申請時に返信用封筒を同封していた場合は、郵送で送付されます。
最後に、相続登記などの費用に関するよくある質問を紹介します。
疑問を抱えたままにしていると、手続きがスムーズに進まなくなるおそれがあるので早めに解消しておきましょう。
相続登記の費用を誰が支払うのかは、法律で定められているものではないので、個々の事情にあわせて柔軟に判断するようにしてください。

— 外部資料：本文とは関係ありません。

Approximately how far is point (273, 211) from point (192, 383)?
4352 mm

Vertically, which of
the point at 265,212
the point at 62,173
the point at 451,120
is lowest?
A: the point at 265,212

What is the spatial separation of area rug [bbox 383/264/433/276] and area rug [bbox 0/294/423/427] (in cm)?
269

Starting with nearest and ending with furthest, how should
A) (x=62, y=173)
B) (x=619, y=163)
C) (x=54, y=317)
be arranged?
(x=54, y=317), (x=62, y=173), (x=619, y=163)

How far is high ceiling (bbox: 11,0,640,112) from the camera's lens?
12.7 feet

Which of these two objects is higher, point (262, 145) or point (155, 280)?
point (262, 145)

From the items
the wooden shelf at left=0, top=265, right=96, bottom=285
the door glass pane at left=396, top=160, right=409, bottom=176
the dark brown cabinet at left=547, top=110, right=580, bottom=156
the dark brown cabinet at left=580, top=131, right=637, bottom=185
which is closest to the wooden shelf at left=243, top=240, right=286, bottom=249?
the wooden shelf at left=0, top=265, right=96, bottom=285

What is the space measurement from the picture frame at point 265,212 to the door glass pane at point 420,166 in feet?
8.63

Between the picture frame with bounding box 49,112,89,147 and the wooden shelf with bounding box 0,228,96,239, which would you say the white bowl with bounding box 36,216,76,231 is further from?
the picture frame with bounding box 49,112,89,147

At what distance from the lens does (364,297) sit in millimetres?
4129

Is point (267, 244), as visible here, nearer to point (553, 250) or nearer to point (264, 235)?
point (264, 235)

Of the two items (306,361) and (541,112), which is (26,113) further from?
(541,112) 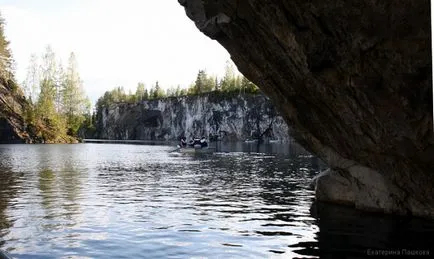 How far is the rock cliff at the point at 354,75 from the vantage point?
13141mm

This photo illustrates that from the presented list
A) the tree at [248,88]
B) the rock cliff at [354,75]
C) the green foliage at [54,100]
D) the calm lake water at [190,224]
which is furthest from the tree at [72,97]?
the rock cliff at [354,75]

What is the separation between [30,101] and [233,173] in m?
120

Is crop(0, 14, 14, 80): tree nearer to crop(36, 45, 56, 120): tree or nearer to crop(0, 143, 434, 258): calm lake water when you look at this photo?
crop(36, 45, 56, 120): tree

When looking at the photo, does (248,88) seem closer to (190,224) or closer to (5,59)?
(5,59)

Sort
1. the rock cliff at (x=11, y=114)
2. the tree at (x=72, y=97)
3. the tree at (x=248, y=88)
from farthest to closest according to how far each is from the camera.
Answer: the tree at (x=248, y=88) < the tree at (x=72, y=97) < the rock cliff at (x=11, y=114)

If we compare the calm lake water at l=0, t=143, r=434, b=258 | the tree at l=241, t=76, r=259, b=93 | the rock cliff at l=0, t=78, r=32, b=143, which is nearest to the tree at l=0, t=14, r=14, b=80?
the rock cliff at l=0, t=78, r=32, b=143

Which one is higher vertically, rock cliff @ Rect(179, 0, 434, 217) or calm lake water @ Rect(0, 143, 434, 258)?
rock cliff @ Rect(179, 0, 434, 217)

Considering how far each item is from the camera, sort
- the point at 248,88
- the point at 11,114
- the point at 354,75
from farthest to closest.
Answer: the point at 248,88 < the point at 11,114 < the point at 354,75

とはいえ、実際には不動産の取得者が費用を負担するケースが一般的です。
複数人で不動産を取得する場合は、相続人同士で話し合い、負担割合などを決めていくことになるでしょう。
不動産の価値によっては相続登記の費用も高額になるので、誰がどの程度負担するのかは、遺産分割協議などの機会を利用してしっかりと相談しておくことが大切です。
相続によって不動産を取得した場合、不動産取得税は課されません。
不動産取得税は、購入・贈与・建築などによって不動産を取得した際に課税されるものです。
相続は形式的に所有権が移転するだけなので、不動産取得税の課税対象からは外れます。
不動産を相続する際は、相続人同士でトラブルが生じるケースも少なくありません。
特に相続登記は手間と時間がかかるうえ、費用負担も生じるため、誰が手続きするか、誰が費用を支払うのかで揉めてしまうこともあるでしょう。
そのため、不動産を相続する場合は、まず司法書士や弁護士に相談してみてください。
専門家に相談すれば、豊富な知識と経験に基づき、相続人全員が納得できる方法を提案してもらえるはずです。
場合によっては、相続登記を代行してもらうのもよいでしょう。
初回の相談には無料で対応しているケースも多いので、トラブルが起きる前にできるだけ早く相談してみることをおすすめします。